L’amour pour se relancer

Jérôme Rudin confie qu’il passe une période difficile, un peu comme s’il était en panne d’inspiration. «Cela fait 33 ans que je peins. Quand tu passes à côté des tableaux du matin au soir, tu as envie d’en échapper.»

Et d’ajouter: «Je suis tributaire de mes émotions, de mes états d’âme. Je ne suis pas un homme heureux aujourd’hui. La Suisse romande est trop petite pour moi. J’ai 51 ans, j’ai tout eu. J’ai de la difficulté à me battre, à vendre mes tableaux. J’ai dû réduire la voilure.»

Que faudrait-il alors pour combattre ce vague à l’âme? «J’aimerais retomber amoureux d’une femme qui me comprenne et me stimule. J’aimerais mettre mon épaule sur une épaule douce», déclare-t-il, tel un médecin convaincu de l’efficacité du remède.

Et d’évoquer, avec un sourire nostalgique, une belle époque: «Avec Marianne, je pouvais me confier. Nous avons vécu seize années fantastiques. Aujourd’hui, je me sens un peu seul.»
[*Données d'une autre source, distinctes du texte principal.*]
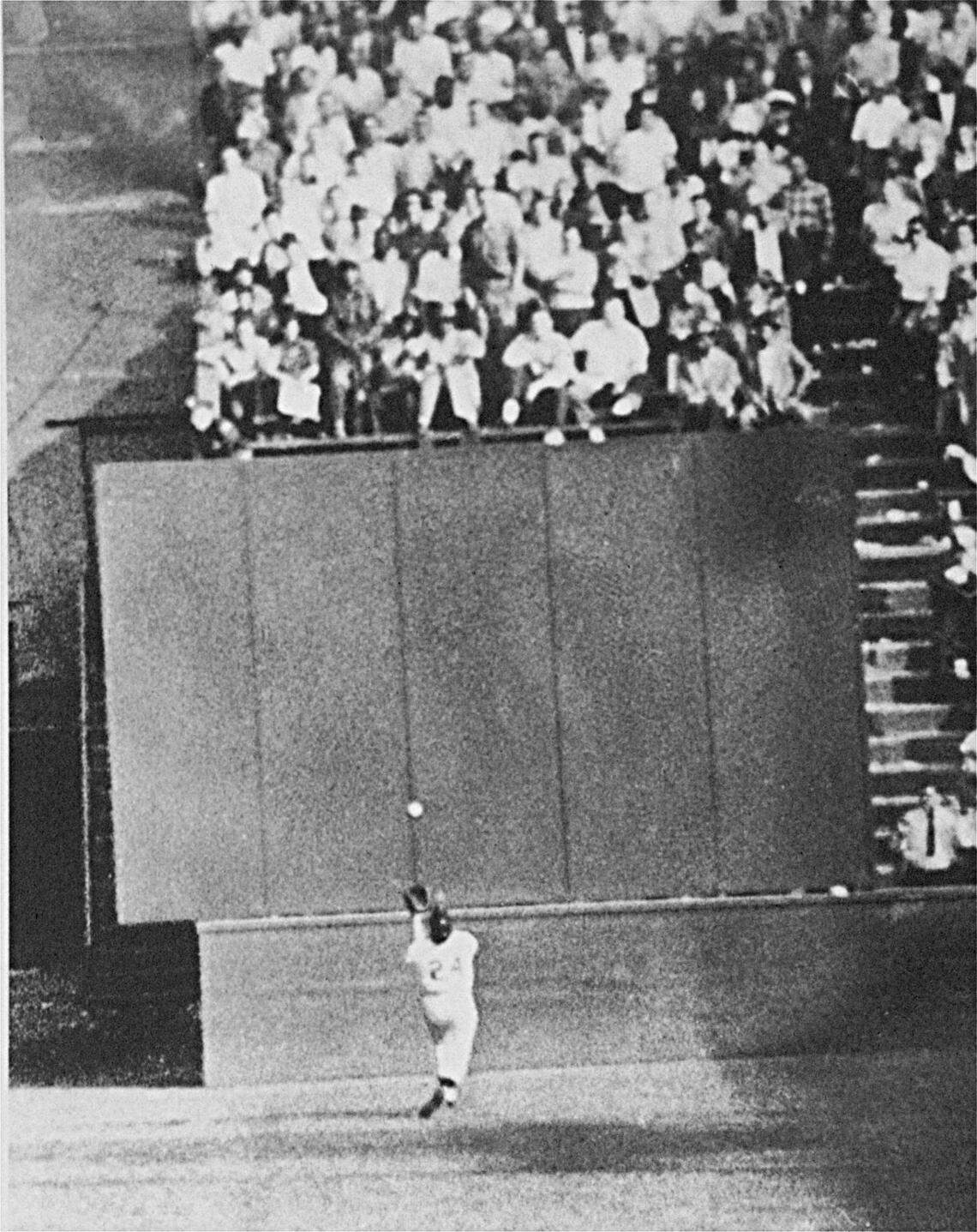 Running at top speed with his back to the plate, New York Giants center fielder Willie Mays gets under a 450-foot blast off the bat of Cleveland first baseman Vic Wertz to pull the ball down in front of the bleachers wall in the eighth inning of the World Series opener at the Polo Grounds in New York on September 29, 1954. In making the miraculous catch with two runners on base, Willie came within a step of crashing into the wall. The Giants won 5-2. (AP Photo)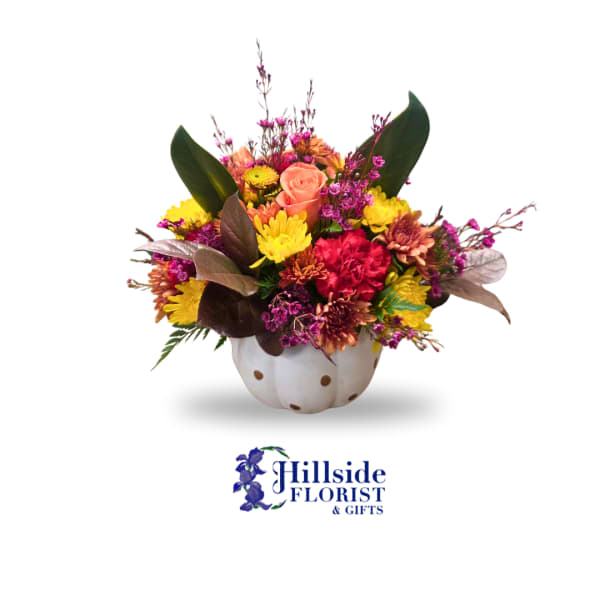 Mixed bouquet in a white pumpkin-shaped container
Mais l’artiste croit que la roue va tourner: «Il y aura des déclics. Parfois j’ai envie de pleurer. Je ne vois pas pourquoi je devrais sourire toute la journée. Je n’ai ni rancune ni regrets.»

Cette période de doute, Jérôme Rudin en sortira renforcé. Le jet-setter, devenu dandy, a bien le droit de croire en sa bonne étoile.

L’exposition est ouverte sur rendez-vous au 079 210 65 84.


Un jeune artiste qui avait du culot

Peintre autodidacte, Jérôme Rudin avait 18 ans à peine lorsqu’il a exposé ses toiles pour la première fois dans la galerie de Catherine Mermod, rue de la Mercerie à Lausanne, en 1992.

Grand et séduisant, l’artiste rêvait de grandeur et d’un monde qui fait le quotidien des revues du cœur. Jérôme Rudin est très vite devenu l’ami qu’il fallait inviter. D’Ivana Trump à Adnan Khashoggi, il a vendu ses toiles à de nombreuses personnalités qui fréquentaient les grandes soirées à Cannes et à Ibiza. Mais il y a un temps pour tout. Certains de ses célèbres amis ont disparu et l’artiste doit se réinventer. La crise de la cinquantaine a parfois du bon.